▸ **Problem statement**
Starting with the line that holds "Santa República Feminina mapa", repeat each line through the last one below, exactly. Pictures stay out.

▸ **Available data**
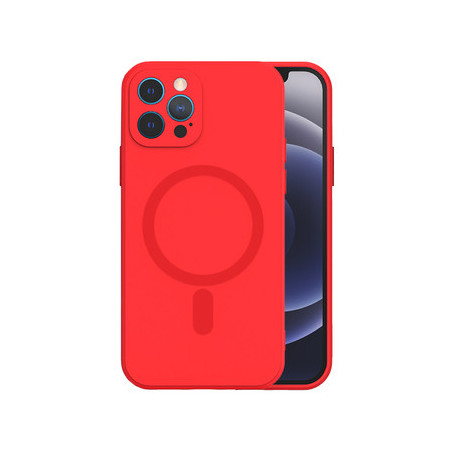 TEL PROTECT MagSilicone Case for Iphone 12 Red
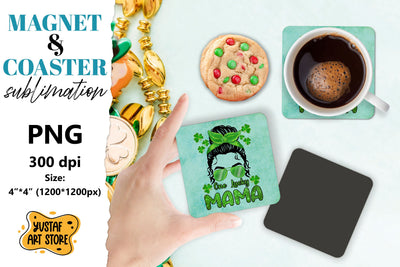 Patrick's day magnet sublimation/Patrick's day coaster PNG Sublimation Yustaf Art Store 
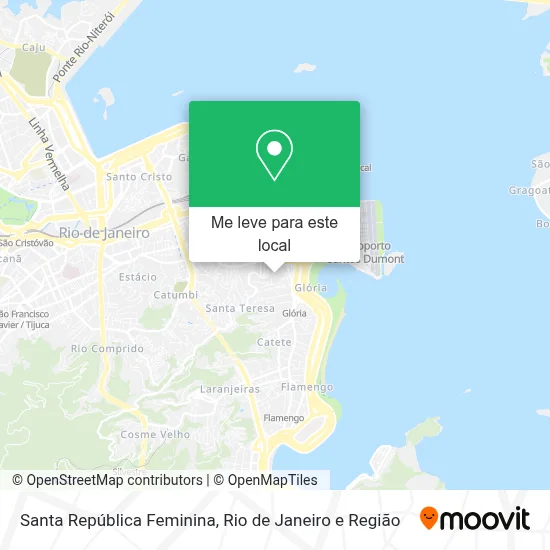 Santa República Feminina mapa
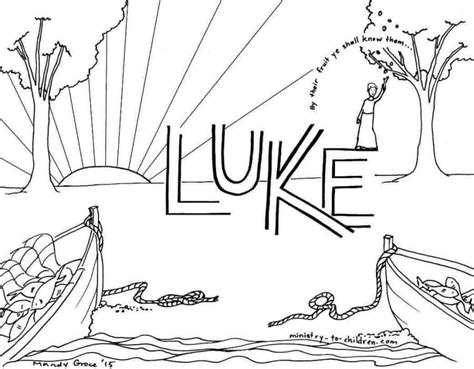 luke bible book coloring page ministry  children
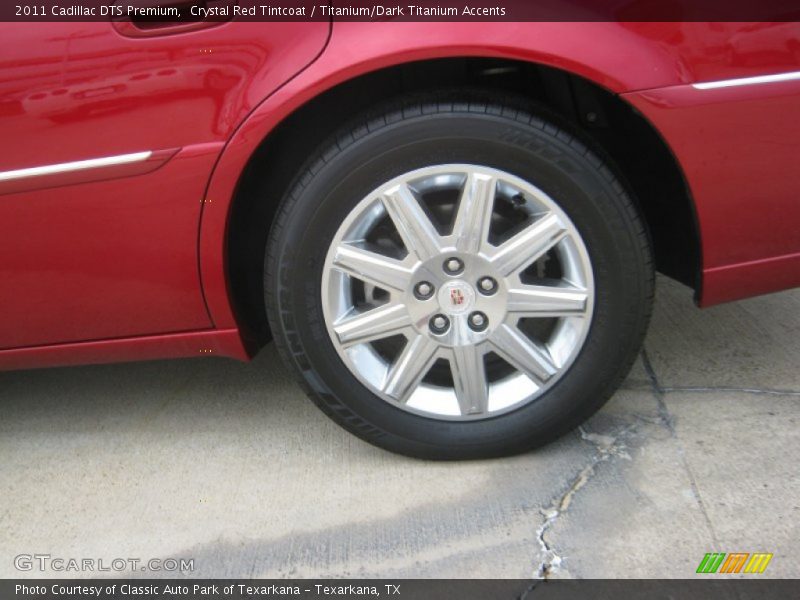 Crystal Red Tintcoat / Titanium/Dark Titanium Accents 2011 Cadillac DTS Premium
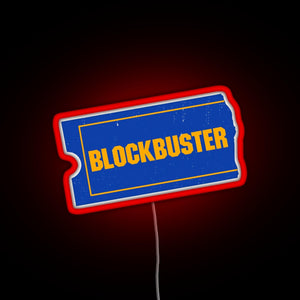 Blockbuster Video Logo RGB neon sign red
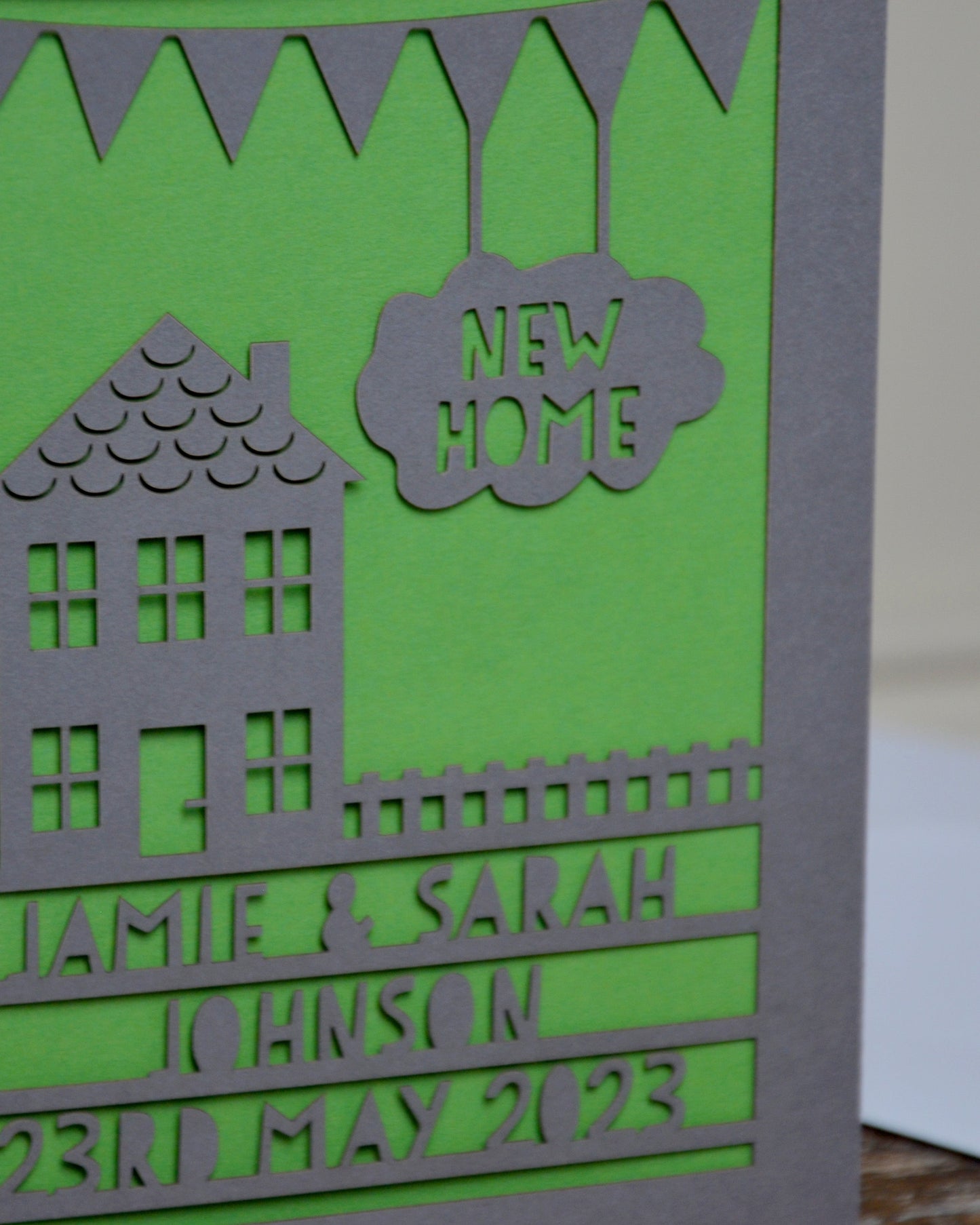 New Home Laser Cut Greeting Card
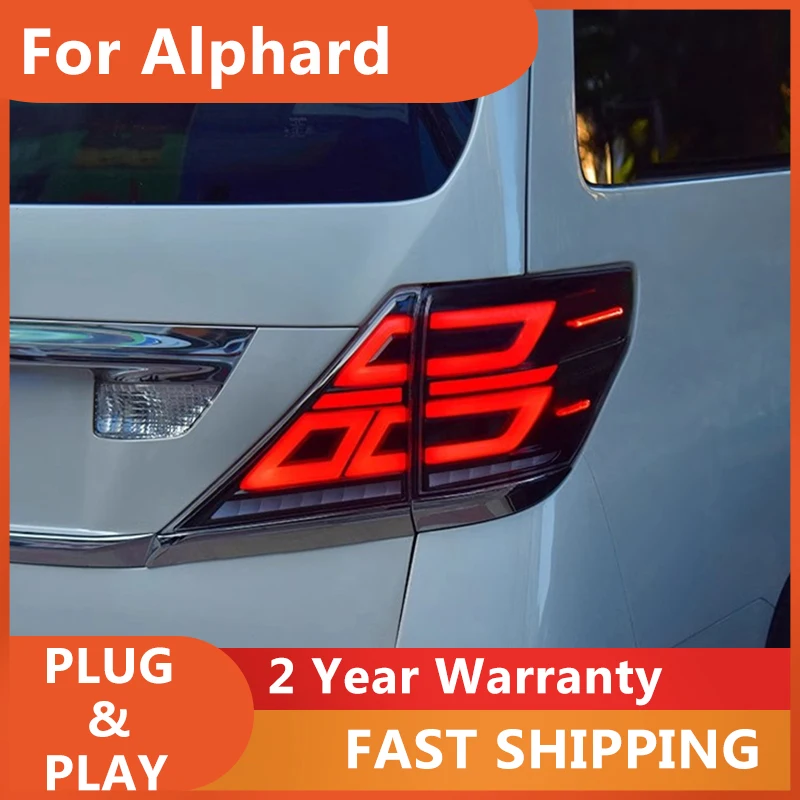 

Car Accessories for Toyota Alphard Tail Light 2007-2014 Alphard Taillamp DRL Fog Brake Turn Signal Reversing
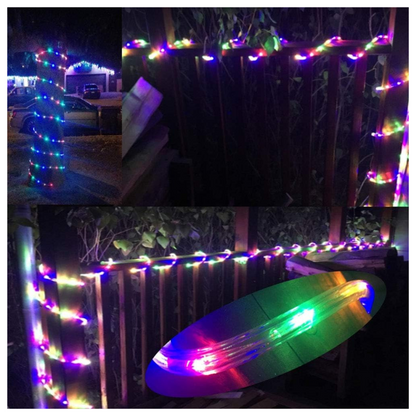 MANGUERA DE LUCES SOLAR LED 10 METROS.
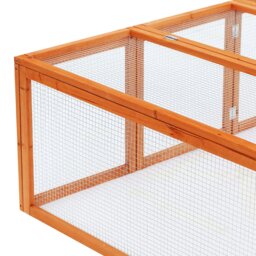 Pawhut Rabbit Hutch W/ Mesh Wire, 181Lx100Wx 48H cm-Wood - Aosom UK - thumbnail 7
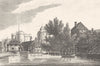 KENT. West Gate, Canterbury 1784 old antique vintage print picture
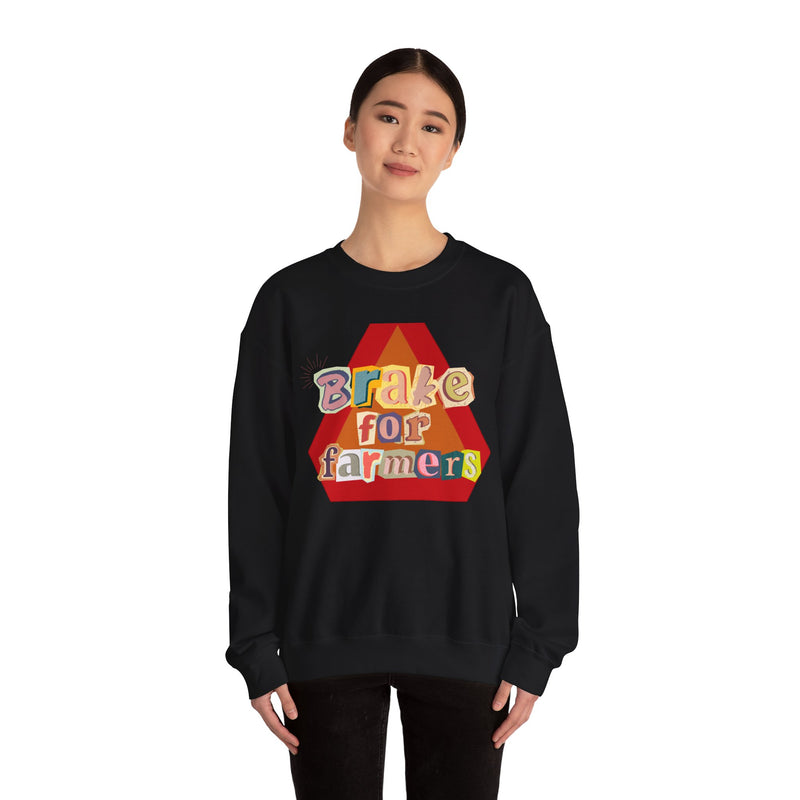 Brake for Farmers Crewneck Sweatshirt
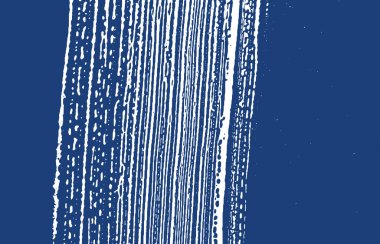 Grunge dokusu. Üzüntü çivit pürüzü. Enerjik arka plan. Gürültü iğrenç grunge dokusu. Şaşırtıcı sanatsal yüzey. Vektör illüstrasyonu.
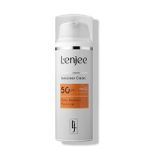 L'ENJEE Güneş Koruyucu Krem SPF 50+, Leke Karşıtı, Nemlendirici, Çinko Oksit ve Kimyasal Filtreler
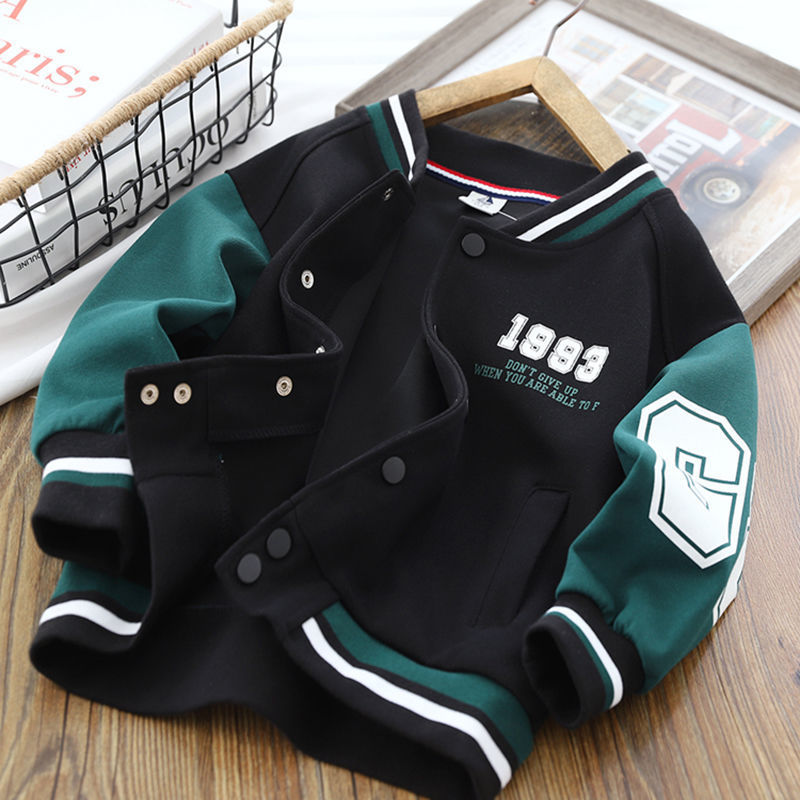 2025 Boys’ Baseball Jacket – Sports Casual Trendy Coat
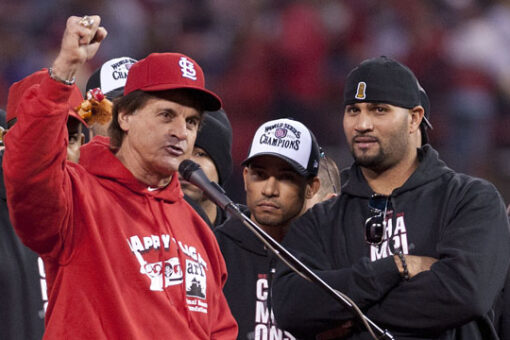 La Russa gets a look at the Cardinals from the other side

▸ **Response area**
 Santa República Feminina mapa
 luke bible book coloring page ministry  children
 Crystal Red Tintcoat / Titanium/Dark Titanium Accents 2011 Cadillac DTS Premium
 Blockbuster Video Logo RGB neon sign red
 New Home Laser Cut Greeting Card

Car Accessories for Toyota Alphard Tail Light 2007-2014 Alphard Taillamp DRL Fog Brake Turn Signal Reversing
 MANGUERA DE LUCES SOLAR LED 10 METROS.
 Pawhut Rabbit Hutch W/ Mesh Wire, 181Lx100Wx 48H cm-Wood - Aosom UK - thumbnail 7
 KENT. West Gate, Canterbury 1784 old antique vintage print picture
 Brake for Farmers Crewneck Sweatshirt
 Grunge dokusu. Üzüntü çivit pürüzü. Enerjik arka plan. Gürültü iğrenç grunge dokusu. Şaşırtıcı sanatsal yüzey. Vektör illüstrasyonu.
 L'ENJEE Güneş Koruyucu Krem SPF 50+, Leke Karşıtı, Nemlendirici, Çinko Oksit ve Kimyasal Filtreler
 2025 Boys’ Baseball Jacket – Sports Casual Trendy Coat
 La Russa gets a look at the Cardinals from the other side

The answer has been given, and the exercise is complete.